As a general rule, approval from Australia’s Foreign Investment Review Board (FIRB) is required by foreign persons for acquisitions of 20 per cent or more of an Australian business or company with total assets valued at A$252 million or more, and for certain foreign companies that hold Australian assets valued at A$252 million or more. There is effectively a higher threshold of A$1.094 billion for acquisitions outside sensitive industries by US, NZ, South Korean, Japanese, Chilean and Chinese non-governmental investors. Different thresholds apply for the acquisition of Australian urban, residential and rural land by a foreign person. An entity that is deemed to be a foreign government investor (which could include a private equity fund depending on the nature of the investors in that fund) must notify FIRB before it acquires any direct interest in an Australian entity or business, starts an Australian business, acquires any Australian land or acquires an interest in a mining, production or exploration tenement.

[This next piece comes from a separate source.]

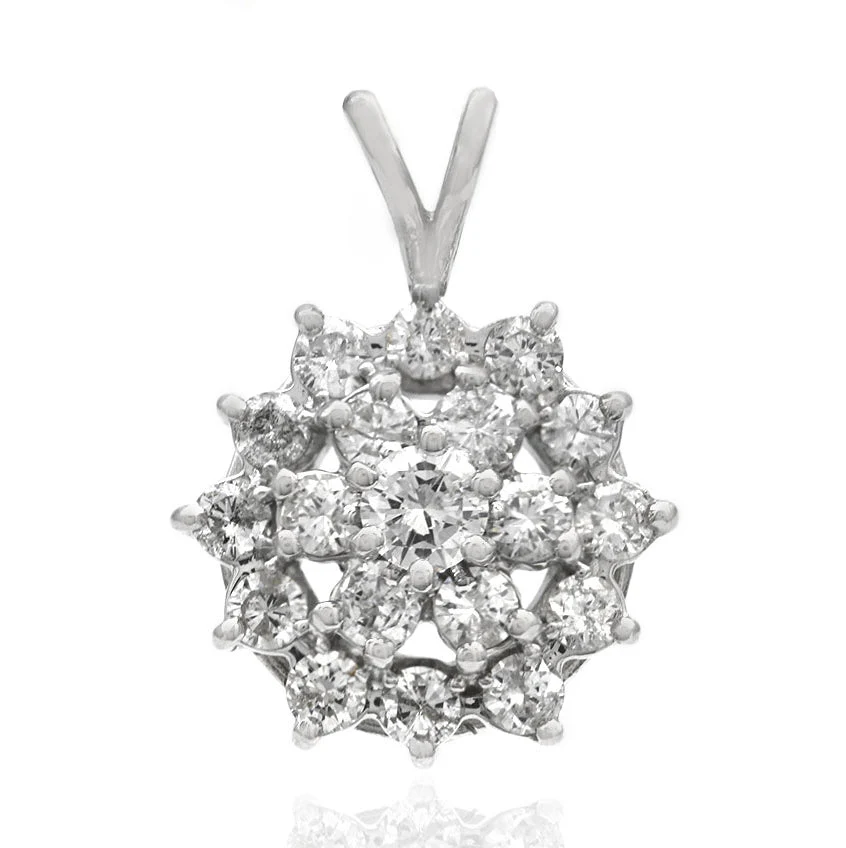 14K White Gold Diamond Cluster Pendant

Through FIRB, the Treasurer is empowered to make orders preventing the proposed acquisition by a foreign private equity fund where the proposed acquisition is, in the Treasurer’s view, contrary to Australia’s national interest. In many cases, it is a criminal offence to fail to obtain prior approval for such acquisitions. The Treasurer is also empowered to take certain actions (such as ordering the divestiture of acquired shares or assets) to unwind acquisitions that have been effected without the Treasurer’s approval and where those acquisitions are, in the Treasurer’s view, contrary to Australia’s national interest.

Non-Australian domiciled sponsors will typically structure their fund so as to enable flow-through taxation for investors. This is typically achieved through one of (or a combination of) the following investment vehicles: fixed unit trusts, managed investment trusts (which is a fixed unit trust with widely held ownership and a substantial portion of the investment management activities carried out in Australia and which, depending on the nature of the interests offered, may be required to be registered with the Australian Securities and Investments Commission), venture capital limited partnerships (VCLPs) or early-stage venture capital limited partnerships (ESVCLPs) governed by a limited partnership deed (these funds are typically confined to venture capital and mid-market funds because of the restrictions on the types of investments VCLPs can make). Each investment vehicle has different regulatory obligations (including registration and licensing requirements), tax treatment and may limit the types of investments the fund can make, so selecting the appropriate vehicle for the types of intended investments for the fund is particularly important.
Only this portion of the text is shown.